We will use the sklearn package to do the PCA. Also, we will remove total_compensation, total_benefits, and total_salary, since we explicitly know these are related and PCA works best with independent variables. Also, let's scale the data, so that the total salary doesn't just wash out the signal.

In [9]:
from sklearn.preprocessing import scale
from sklearn.decomposition import PCA

fig = plt.figure(figsize=(6,4), dpi=1600)
ax = plt.subplot(111)

dfs = pd.DataFrame(scale(df[quantVar],with_std=True),columns=df[quantVar].columns)

dfResp = dfs['total_compensation']
#Remove as much collinearilty as possible
pred = [quantVar[i] for i in range(len(quantVar)) if quantVar[i]  not in ['total_compensation','total_salary','total_benefits']] 
dfPred = dfs[pred]

pca = PCA()

expVar = pca.explained_variance_ratio_
ax.set_ylabel('Perc. var. explained',fontsize=16,fontweight='bold')
ax.set_xlabel('Principal Component',fontsize=16,fontweight='bold')

Transform the data

Great, it looks like the first 3 PCs explain most of the variance.
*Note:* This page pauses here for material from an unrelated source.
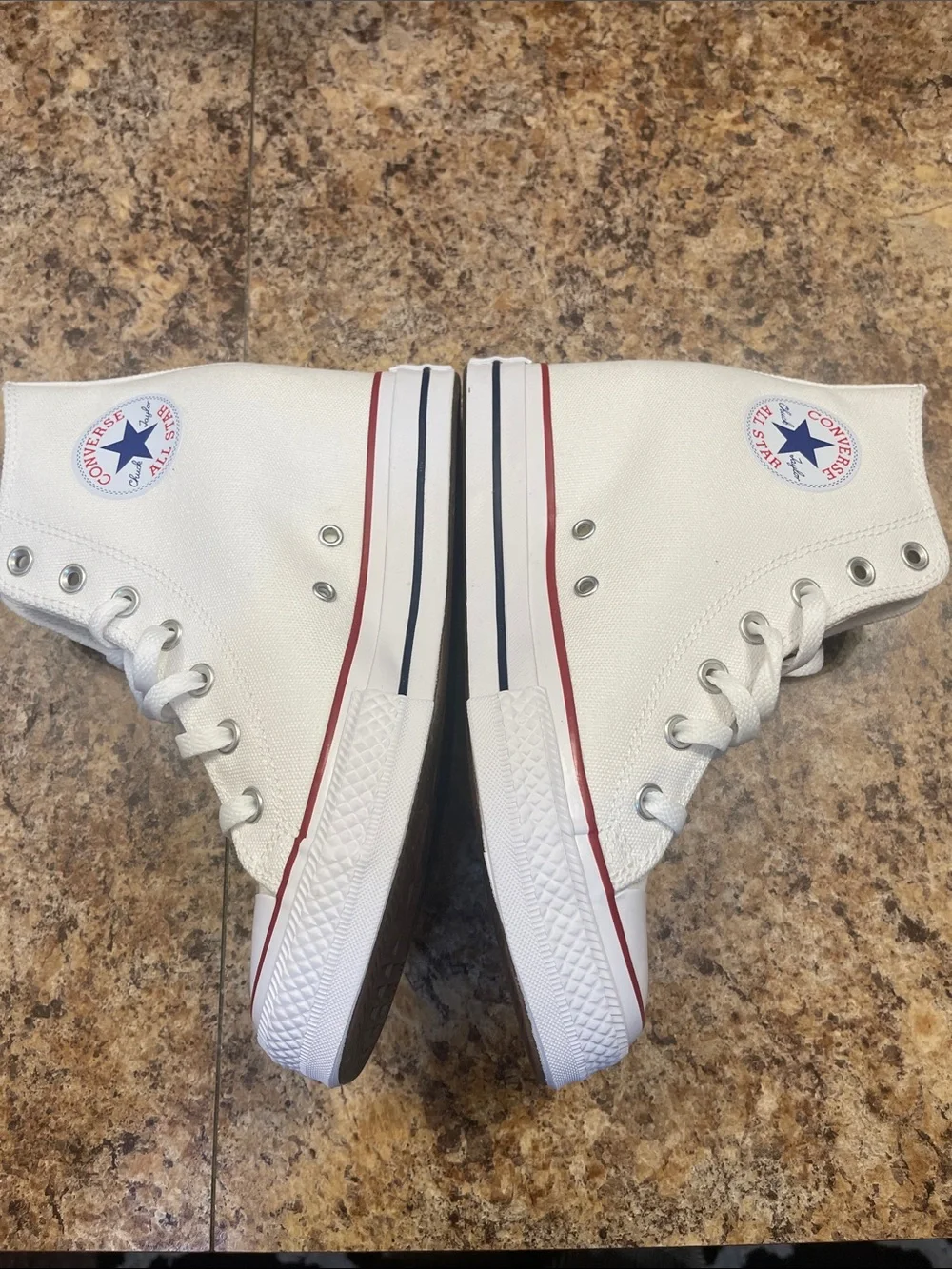 Converse Wedge Canvas Sneakers - White with Red and Black Trim. NO BOX!!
So now, let's express the data in terms of our shiny new PCs.

In [10]:
#New data in PC space
newData = pd.DataFrame(pca.transform(dfPred),columns=['PC' + str(i+1) for i in range(len(expVar))])

#Combine with original data to keep annotations, etc
newData = pd.concat([newData, df], axis=1)
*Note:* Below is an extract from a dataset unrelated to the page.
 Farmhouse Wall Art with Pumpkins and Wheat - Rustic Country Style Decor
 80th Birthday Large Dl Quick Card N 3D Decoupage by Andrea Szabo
Colorfully and interactively separated

Let's first do a plot between PC1 and PC2, the two axes of greatest variance. Also, we can encode data annotations by color to learn what drives differences between departments.

Hover over the points to see the department, job title, and a couple quantitative variables. I chose parks and rec (REC) and the fire department (FIR).

In [11]:
plotPCA(myData=newData,dpt1='REC', dpt2='FIR', xVar='PC1', yVar='PC2',legLoc='bottom_left')